==== Entries shown ====
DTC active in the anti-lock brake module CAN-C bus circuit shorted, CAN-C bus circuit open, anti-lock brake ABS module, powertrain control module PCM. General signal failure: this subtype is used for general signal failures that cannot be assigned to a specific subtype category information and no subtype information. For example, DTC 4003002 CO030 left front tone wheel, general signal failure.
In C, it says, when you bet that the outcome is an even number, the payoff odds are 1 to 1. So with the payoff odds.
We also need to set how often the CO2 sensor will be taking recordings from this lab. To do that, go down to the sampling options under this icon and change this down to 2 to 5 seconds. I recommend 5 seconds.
====
==== Entries shown ====
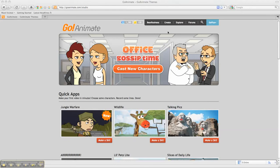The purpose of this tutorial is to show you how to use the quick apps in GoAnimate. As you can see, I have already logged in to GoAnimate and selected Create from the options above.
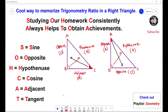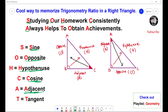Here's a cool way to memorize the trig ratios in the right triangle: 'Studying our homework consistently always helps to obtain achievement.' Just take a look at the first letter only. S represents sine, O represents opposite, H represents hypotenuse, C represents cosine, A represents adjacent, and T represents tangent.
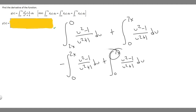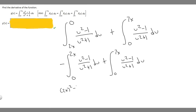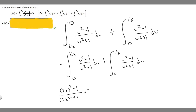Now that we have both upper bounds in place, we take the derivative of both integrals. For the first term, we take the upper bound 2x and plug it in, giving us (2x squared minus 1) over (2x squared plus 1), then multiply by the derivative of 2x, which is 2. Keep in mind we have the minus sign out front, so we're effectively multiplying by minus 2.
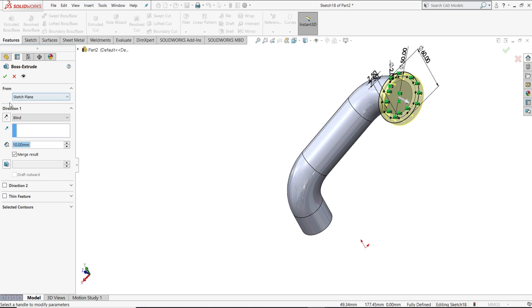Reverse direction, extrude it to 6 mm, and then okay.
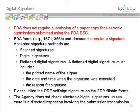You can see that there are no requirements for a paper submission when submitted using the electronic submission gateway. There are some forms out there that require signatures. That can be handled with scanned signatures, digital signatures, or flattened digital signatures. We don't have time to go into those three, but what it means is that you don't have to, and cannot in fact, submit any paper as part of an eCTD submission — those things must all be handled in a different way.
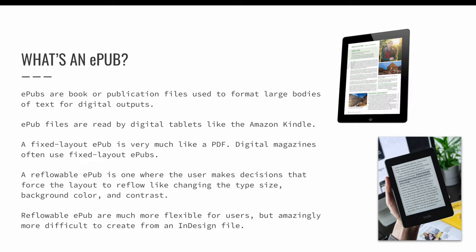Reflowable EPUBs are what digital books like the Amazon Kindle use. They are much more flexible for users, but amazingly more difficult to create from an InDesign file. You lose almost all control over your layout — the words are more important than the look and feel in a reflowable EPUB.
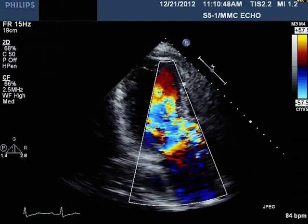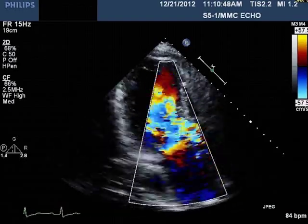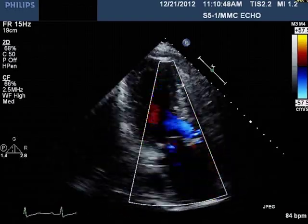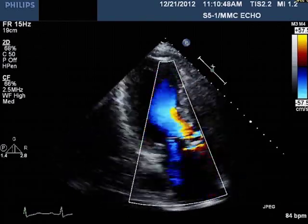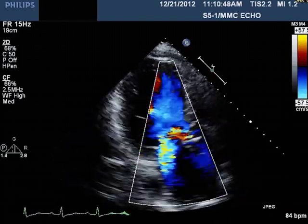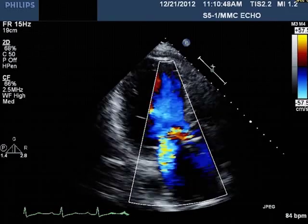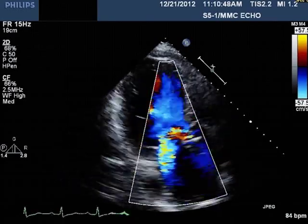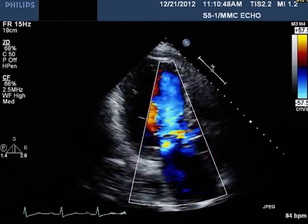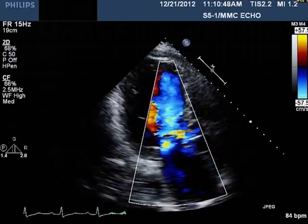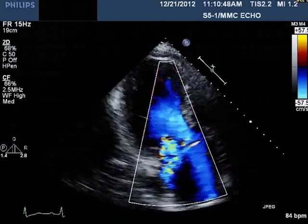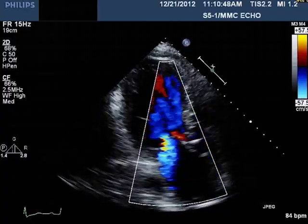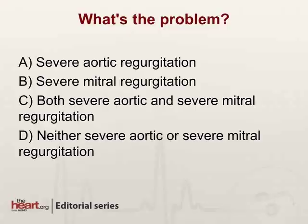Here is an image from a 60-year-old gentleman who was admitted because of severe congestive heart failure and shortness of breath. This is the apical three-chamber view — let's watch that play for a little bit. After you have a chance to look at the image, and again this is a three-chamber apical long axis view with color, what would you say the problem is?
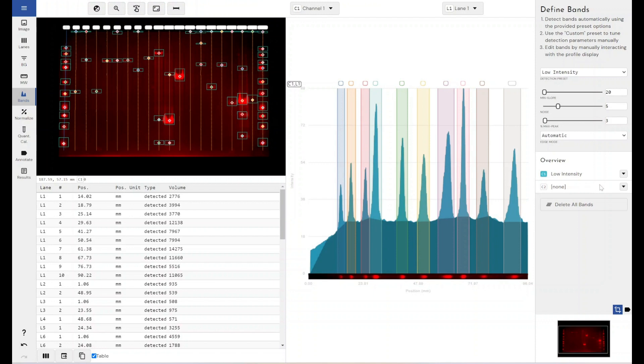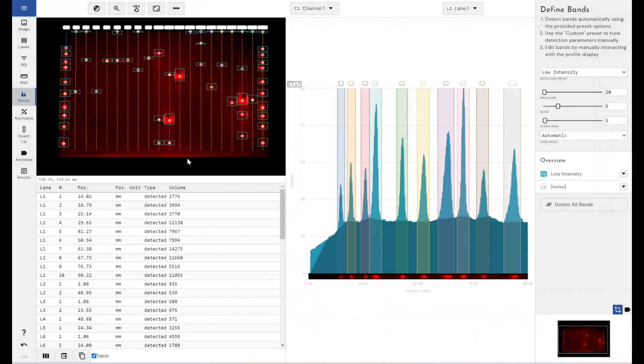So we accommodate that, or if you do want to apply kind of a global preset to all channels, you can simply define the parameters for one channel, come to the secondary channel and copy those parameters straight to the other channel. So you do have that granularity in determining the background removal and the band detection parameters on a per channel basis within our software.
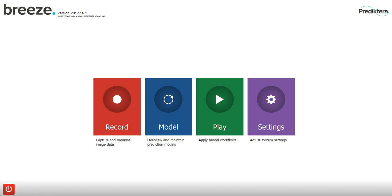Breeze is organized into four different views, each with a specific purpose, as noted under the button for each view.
====
[Work to complete]: Start at the line containing "Here is an image" above and stop at the line containing "Breeze is organized". Output those lines exactly, both included, but none of the pictures.

[Response to the exercise]:
Here is an image from a 60-year-old gentleman who was admitted because of severe congestive heart failure and shortness of breath. This is the apical three-chamber view — let's watch that play for a little bit. After you have a chance to look at the image, and again this is a three-chamber apical long axis view with color, what would you say the problem is?
So we accommodate that, or if you do want to apply kind of a global preset to all channels, you can simply define the parameters for one channel, come to the secondary channel and copy those parameters straight to the other channel. So you do have that granularity in determining the background removal and the band detection parameters on a per channel basis within our software.
Breeze is organized into four different views, each with a specific purpose, as noted under the button for each view.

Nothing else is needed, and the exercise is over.